Все прощайте!
Твой брат Федор Достоевский.
22 декабря 49-го года.
У меня взяли при аресте несколько книг. Из них только две были запрещенные. Не достанешь ли ты для себя остальных? Но вот просьба: из этих книг одна была «Сочинения Валериана Майкова», его критики — экземпляр Евгении Петровны. Она дала мне его как свою драгоценность*. При аресте[29] я просил жандармского офицера отдать ей эту книгу и дал ему адресс. Не знаю, возвратил ли он ей. Справься об этом! Я не хочу отнять у нее это воспоминание. Прощай, прощай еще раз.
Твой Ф. Достоевский.
Не знаю, пойду ли я по этапу или поеду. Кажется, поеду. Авось-либо!
Еще раз: пожми руку Эмилии Федоровне и целуй деток. Поклонись Краевскому, может быть…

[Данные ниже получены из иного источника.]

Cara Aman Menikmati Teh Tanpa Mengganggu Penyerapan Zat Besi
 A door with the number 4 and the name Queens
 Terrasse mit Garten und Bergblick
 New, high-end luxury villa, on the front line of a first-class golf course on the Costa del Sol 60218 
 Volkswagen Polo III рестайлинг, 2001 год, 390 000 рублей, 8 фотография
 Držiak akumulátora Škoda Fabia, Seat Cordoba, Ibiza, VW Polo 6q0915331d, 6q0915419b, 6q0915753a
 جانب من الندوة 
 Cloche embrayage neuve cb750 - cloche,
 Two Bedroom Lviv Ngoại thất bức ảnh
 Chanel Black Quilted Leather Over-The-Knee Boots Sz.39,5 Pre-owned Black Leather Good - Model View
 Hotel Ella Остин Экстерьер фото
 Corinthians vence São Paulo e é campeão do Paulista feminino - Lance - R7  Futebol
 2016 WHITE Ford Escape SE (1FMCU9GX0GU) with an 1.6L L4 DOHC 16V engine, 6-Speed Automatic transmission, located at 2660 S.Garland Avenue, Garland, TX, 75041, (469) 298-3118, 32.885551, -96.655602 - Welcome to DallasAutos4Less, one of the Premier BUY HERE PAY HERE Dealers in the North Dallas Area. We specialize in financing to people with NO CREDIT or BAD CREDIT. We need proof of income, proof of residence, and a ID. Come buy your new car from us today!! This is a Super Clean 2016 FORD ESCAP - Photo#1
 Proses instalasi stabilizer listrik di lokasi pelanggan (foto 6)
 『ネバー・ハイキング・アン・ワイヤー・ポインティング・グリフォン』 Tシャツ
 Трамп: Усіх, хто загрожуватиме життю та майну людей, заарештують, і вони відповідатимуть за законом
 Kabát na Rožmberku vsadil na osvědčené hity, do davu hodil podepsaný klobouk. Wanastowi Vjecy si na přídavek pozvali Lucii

Напиши мне подробнее о твоем аресте, заключении и выходе на свободу.
38. M. M. Достоевскому*
30 января — 22 февраля 1854. Омск
Наконец-то я, кажется, могу поговорить с тобою попространнее и повернее*. Но прежде чем напишу строчку, спрошу тебя: скажи ты мне, ради Господа Бога, почему ты мне до сих пор не написал ни одной строчки*? И мог ли я ожидать этого? Веришь ли, что в уединенном, замкнутом положении моем я несколько раз впадал в настоящее отчаяние, думая, что тебя нет и на свете, и тогда по целым ночам раздумывал, что было бы с твоими детьми, и клял мою долю, что не могу быть им полезным. Другой раз, когда я узнавал наверное, что ты жив, меня брала даже злоба (но это было в болезненные часы, которых у меня было много), и я горько упрекал тебя. Но потом и это проходило; я извинял тебя, старался приискать все оправдания, успокаивался на лучших и ни разу не потерял в тебя веры: я знаю, что ты меня любишь и хорошо обо мне вспоминаешь. Я писал тебе письмо через наш штаб. До тебя оно должно было дойти наверное, я ждал от тебя ответа и не получил*. Да неужели же тебе запретили? Ведь это разрешено, и здесь все политические получают по нескольку писем в год. Дуров получал несколько раз, и много раз на запросы начальства о письмах разрешение писать их подтверждалось. Кажется, я отгадал настоящую причину твоего молчания. Ты, по неподвижности своей, не ходил просить полицию или если и ходил, то успокоился после первого отрицательного ответа, может быть, от такого человека, который и дела-то не знал хорошенько. Ты мне доставил этим много и эгоистического горя: «Вот, — подумал я, — если он и о письме не может выхлопотать, будет же он хлопотать об чем-нибудь важнее для меня!» Пиши и отвечай скорее, а прежде всего пиши официально, не ожидая случая, и пиши подробнее и пространнее. Я теперь от вас как ломоть отрезанный, — и хотел бы прирасти, да не могу. Les absents ont toujours tort[30]. Неужели и между нами это должно случиться? Но не беспокойся, я в тебя верю.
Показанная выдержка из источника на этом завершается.